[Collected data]
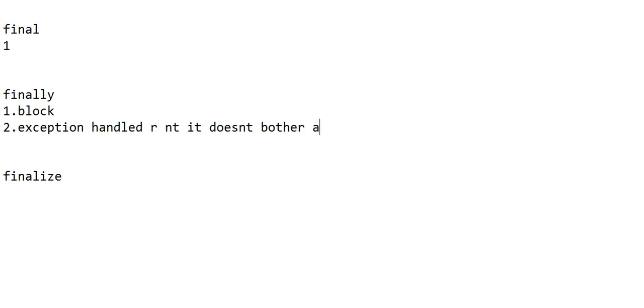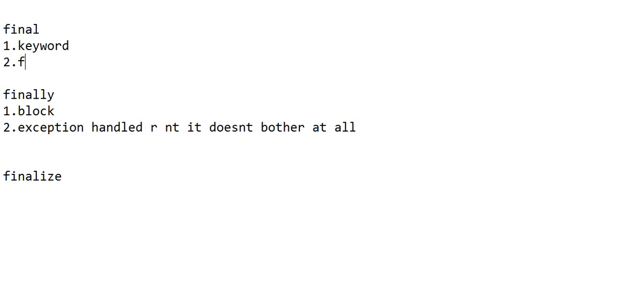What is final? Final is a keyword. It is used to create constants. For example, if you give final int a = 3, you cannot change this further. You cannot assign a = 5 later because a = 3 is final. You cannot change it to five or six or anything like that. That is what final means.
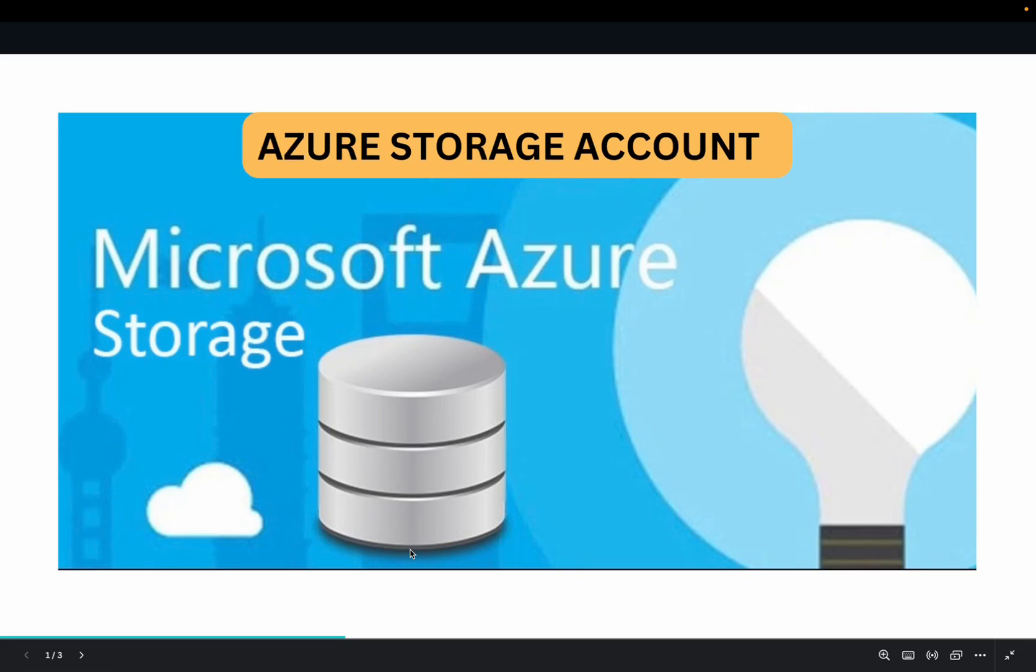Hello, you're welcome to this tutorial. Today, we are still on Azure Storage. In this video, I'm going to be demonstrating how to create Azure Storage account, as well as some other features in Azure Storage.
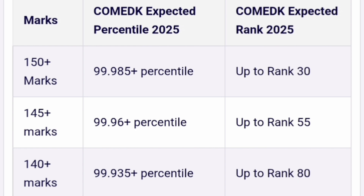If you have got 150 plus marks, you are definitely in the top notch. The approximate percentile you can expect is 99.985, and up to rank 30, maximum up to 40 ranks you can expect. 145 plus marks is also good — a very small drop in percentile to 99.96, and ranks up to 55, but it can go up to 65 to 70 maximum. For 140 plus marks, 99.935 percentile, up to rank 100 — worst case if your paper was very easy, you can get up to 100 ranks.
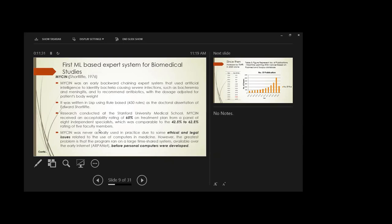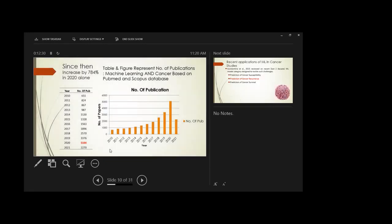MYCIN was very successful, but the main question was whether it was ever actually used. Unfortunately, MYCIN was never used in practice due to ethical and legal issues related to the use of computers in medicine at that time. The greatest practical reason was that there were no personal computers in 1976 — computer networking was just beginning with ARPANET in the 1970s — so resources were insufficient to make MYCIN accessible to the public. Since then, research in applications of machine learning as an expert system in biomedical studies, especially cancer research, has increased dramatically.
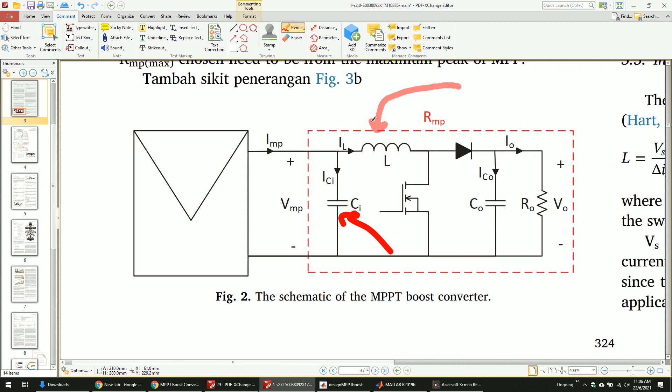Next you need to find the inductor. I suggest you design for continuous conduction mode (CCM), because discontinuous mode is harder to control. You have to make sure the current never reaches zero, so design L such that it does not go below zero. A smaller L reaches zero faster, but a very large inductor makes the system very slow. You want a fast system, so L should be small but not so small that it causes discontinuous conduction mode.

What is required
Leave out the pictures and copy every record above exactly.

Response to the exercise
What is final? Final is a keyword. It is used to create constants. For example, if you give final int a = 3, you cannot change this further. You cannot assign a = 5 later because a = 3 is final. You cannot change it to five or six or anything like that. That is what final means.
Hello, you're welcome to this tutorial. Today, we are still on Azure Storage. In this video, I'm going to be demonstrating how to create Azure Storage account, as well as some other features in Azure Storage.
If you have got 150 plus marks, you are definitely in the top notch. The approximate percentile you can expect is 99.985, and up to rank 30, maximum up to 40 ranks you can expect. 145 plus marks is also good — a very small drop in percentile to 99.96, and ranks up to 55, but it can go up to 65 to 70 maximum. For 140 plus marks, 99.935 percentile, up to rank 100 — worst case if your paper was very easy, you can get up to 100 ranks.
MYCIN was very successful, but the main question was whether it was ever actually used. Unfortunately, MYCIN was never used in practice due to ethical and legal issues related to the use of computers in medicine at that time. The greatest practical reason was that there were no personal computers in 1976 — computer networking was just beginning with ARPANET in the 1970s — so resources were insufficient to make MYCIN accessible to the public. Since then, research in applications of machine learning as an expert system in biomedical studies, especially cancer research, has increased dramatically.
Next you need to find the inductor. I suggest you design for continuous conduction mode (CCM), because discontinuous mode is harder to control. You have to make sure the current never reaches zero, so design L such that it does not go below zero. A smaller L reaches zero faster, but a very large inductor makes the system very slow. You want a fast system, so L should be small but not so small that it causes discontinuous conduction mode.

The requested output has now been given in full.